There are some fundamental questions you need to answer before we can give you a recommendation:

  • Do you want to have a redundant copy of the entire databases or just portions?
  • Do you want to be able to use the redundant copies? For writes or just for reads?
  • What's the transaction log generation rate of the databases?
  • What's the network bandwidth between the two sites?

Log shipping is probably the easiest for you, both in terms of setting it up, monitoring it, and being able to bring the redundant copies only quickly and within your data-loss limits. With log shipping you can choose to bring the redundant copies online without finishing restoring all the transaction log backups queued for restore, by accepting data-loss.

You can also effect simple failovers using a mid-tier routing technology, or even something as simple as Windows NLB with a 0/100 config, or switching to 100/0. I've also seen customers using DNS switching to effect failovers when the server name cannot change.

With replication you have to deal with unpredictable latency between the transactions being harvested from the publication db transaction log, hitting the distribution database and then being pushed/pulled to the subscription database by the distribution agent. Replication can also get itself twisted up and be a pain to figure out and reset - log shipping is dead simple.

Given that you've been using your own log shipping, I'm guessing that the tran log generation rate and network bandwidth aren't an issue - I'd stick with log shipping and shy away from replication. Don't even think about database mirroring as it won't work for your volume.

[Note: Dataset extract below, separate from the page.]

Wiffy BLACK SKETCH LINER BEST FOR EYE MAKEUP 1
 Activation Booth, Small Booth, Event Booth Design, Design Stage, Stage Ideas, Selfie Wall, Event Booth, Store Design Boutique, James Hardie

Hope this helps - this is really two day's worth of discussion when I teach HA to the DBAs inside Microsoft - boiled down to 5 mins answering this. Feel free to follow-up with more specific questions in comments.

Solution 2:

We use Mirroring for up-to-the-second on-site recovery.

For the over the WAN off-site backups (e.g. high latency) we use the built in log shipping.

Note that for EITHER option you have to set this up PER DATABASE which, for 400 DBs, will be a giant pain in the rear.

Do you use a storage array (SAN or NAS)? The easiest method seems to be block level replication via your storage array snaps (with the appropriate SQL Server quiesce plugin) -- that'll capture EVERY database automagically.